Visa expands stablecoin settlement, partners with OpenAI
Visa broadened stablecoin settlement pilots and will let OpenAI-powered agents initiate tokenized Visa payments under user controls, while introducing tokenization and AI tools for payments.
At its annual payments forum on Wednesday, Visa announced an expansion of stablecoin settlement pilots and a partnership with OpenAI to enable AI agents to initiate tokenized Visa payments under user-defined controls. The company reported an annualized run rate of $7 billion in stablecoin flows through VisaNet as of March 2026.
Visa said the stablecoin pilots will broaden across regions, multiple blockchains and different currencies after moving billions of dollars through its network. Issuing banks are already settling onchain seven days a week with Visa, and the firm is working to extend seven-day settlement to acquirers to increase settlement frequency across the ecosystem.
On tokenization, Visa plans to build a technology layer for tokenized deposits that lets banks convert traditional deposits into programmable, always-on digital money while keeping funds on their balance sheets. The company plans to add richer token metadata to show more detail about transaction types and token location. A new token assurance signal will evaluate token use through its lifecycle and generate a trust score for each transaction to give issuers stronger signals for authorization decisions and help merchants reduce false declines.

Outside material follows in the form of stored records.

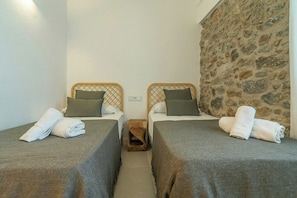 A room with two single beds, each with a wooden headboard and a small wooden stool between them. - Beautiful House in Álora with Pool and Views (Álora)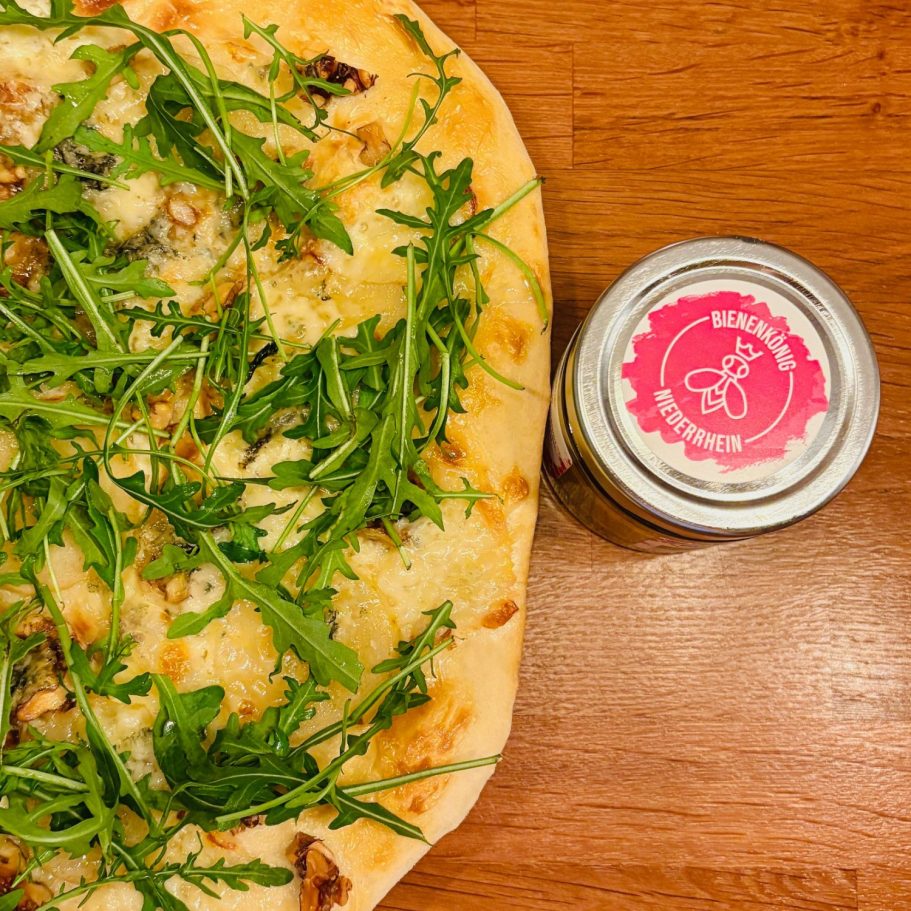 Pizza mit Rucola neben einem Glas mit pinkem Deckel.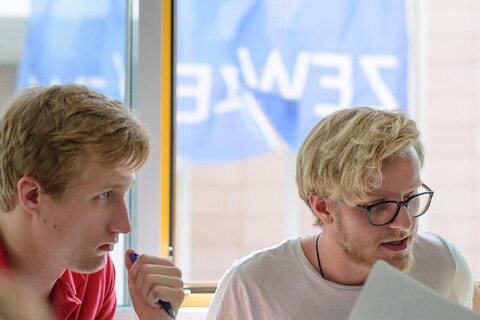 Zwei Studenten sitzen in einem Übungsraum und arbeiten. Im Hintergrund wehen die dunkelblauen Fahnen des ZEW.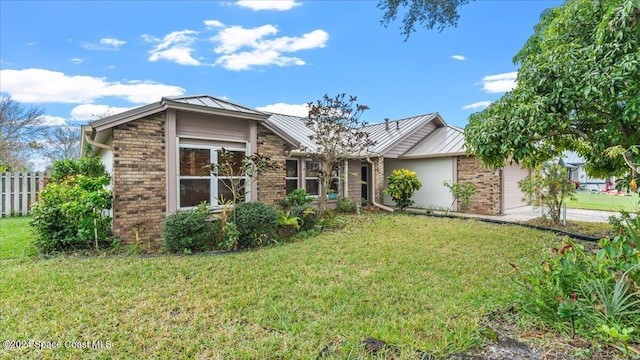 view of front of house with a front lawn and a garage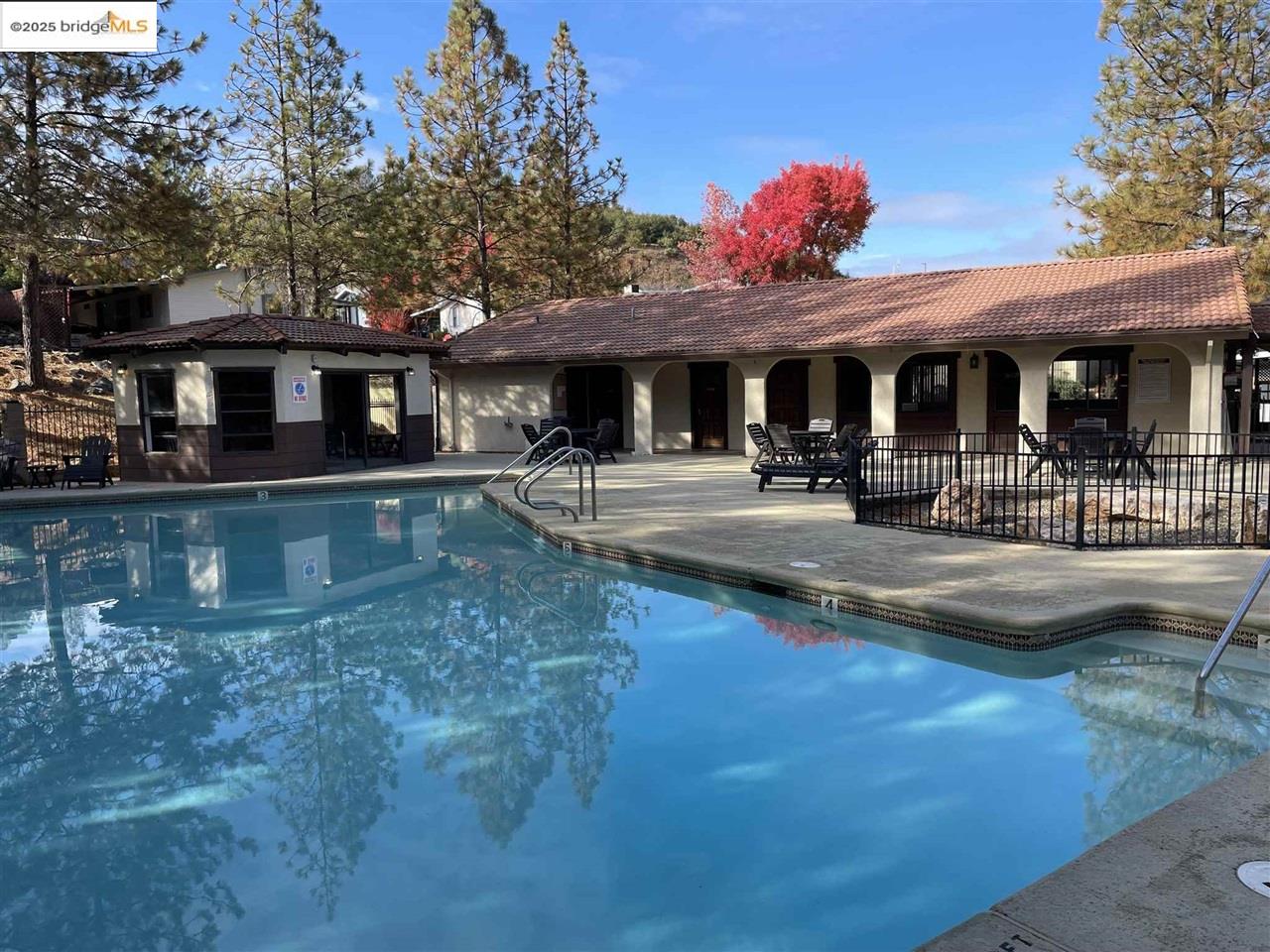 18717 Mill Villa Road, Unit 612 Jamestown, CA 95327 - Photo 20 of 22 a front view of a house with sitting area and swimming pool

Visa introduced tools aimed at transactions initiated by software agents, which the company calls agentic commerce. The firm launched Agent Score to help merchants judge whether AI agents can navigate and complete tasks on their sites, and an Agentic Directory as a verified registry of approved agents and merchants. Visa also unveiled a Large Transaction Model, an AI system trained on billions of transactions to improve fraud detection, boost authorization performance and lower false declines.
The OpenAI agreement will let developers and merchants accept Visa payments initiated by AI agents under controls set by users. Controls can include spending limits, merchant restrictions and approval requirements. Payments in these environments will use tokenized Visa credentials backed by real-time authorization and fraud monitoring. Visa said the integration is expected to support developer-focused applications, including Codex-based workflows and other automated and conversational commerce use cases.
Jack Forestell, Visa’s chief product and strategy officer, addressed the forum and commented on the company’s strategy: “AI is transforming the front end of commerce. Stablecoins are reshaping the back end. Visa's role is to enable it to work securely, reliably and at global scale, for every participant in the ecosystem.”
Visa did not provide a timetable for a wider rollout of the OpenAI integration beyond developer and pilot phases, nor did it name which additional blockchains or currencies will join the settlement pilots.